Chapter 7 develops the three-step discipline known as STP — segmentation, targeting, and positioning. No firm can serve every customer in every country equally well; STP is the structured method by which a global marketer decides which customers to pursue and how to occupy a distinct place in their minds. The three steps run in sequence: segment the market into meaningful groups, target the groups worth pursuing, then position the offering for the targeted group. Step One — Global Market Segmentation Global market segmentation is the process of identifying specific segments — whether groups of countries or groups of individual consumers — that share characteristics and are likely to exhibit similar buying behavior. Chapter 7 organizes the work around four major segmentation bases:

  • Demographic segmentation divides markets by measurable population characteristics: income, population size and growth, age distribution, gender, education, and occupation. It is the most common base because the data is readily available.
  • Psychographic segmentation groups people by attitudes, values, lifestyles, and personality, often using research systems built on activities, interests, and opinions.
  • Behavioral segmentation sorts customers by their relationship to the product — usage rate (heavy, medium, light, non-user) and user status.
  • Benefit segmentation groups customers by the specific value or benefit they seek from a product, focusing on the underlying reason they buy.

Two further ideas frame these bases. Geographic segmentation divides markets by location, and the chapter notes that some segments cross national borders — the basis of the search for a true global market segment. The chapter also discusses ethnic segmentation, which groups customers by ethnic heritage, a major and growing factor in diverse markets. Step Two — Target Market Selection and the Product–Market Grid Once the market is segmented, the firm assesses each segment and chooses which to pursue. Chapter 7 names three standard target market strategies: standardized (undifferentiated) global marketing, in which one marketing mix is offered to a broad market; concentrated global marketing, in which the firm pursues one narrowly defined niche, often across countries; and differentiated global marketing, in which the firm pursues several segments, each with a tailored mix. The chapter offers criteria for judging whether a segment is worth targeting — the segment’s current size and growth potential, the intensity of competition, and the fit between the segment and the company’s own goals and resources.
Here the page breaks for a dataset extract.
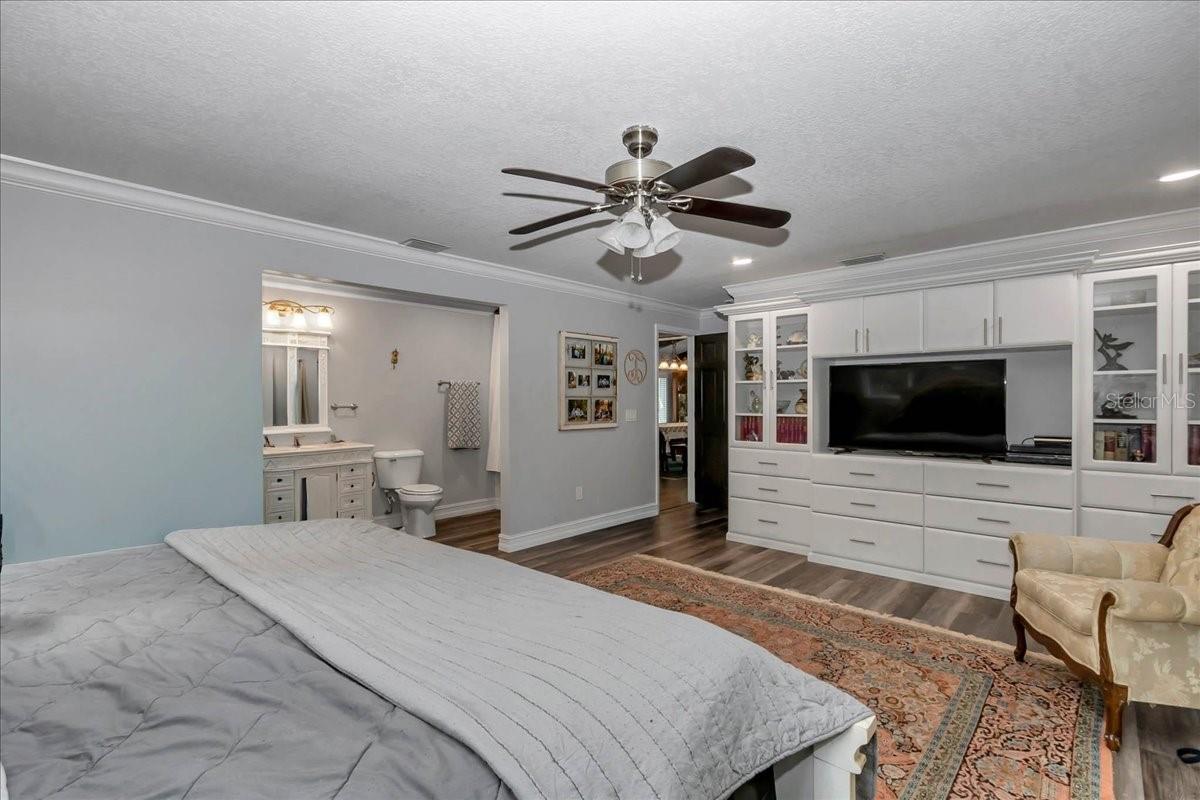 Image 38 of 84 For 223 Nesbitt Terrace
To organize targeting decisions across a portfolio, global marketers use a product–market grid, a matrix that maps products against country markets so management can see where to commit resources. Step Three — Positioning Positioning is the act of locating a brand in the minds of customers in the target segment, relative to competing offerings. Chapter 7 describes several positioning approaches — positioning on an attribute or benefit, on quality and price, on use or user, and against the competition. For global marketers it adds two strategies of particular reach: global consumer culture positioning, which presents the brand as a symbol of a shared global culture or segment, and foreign consumer culture positioning, which deliberately associates the brand with a specific foreign culture. The recurring tension across all three STP steps is the one introduced earlier in the course — the choice between standardization and adaptation.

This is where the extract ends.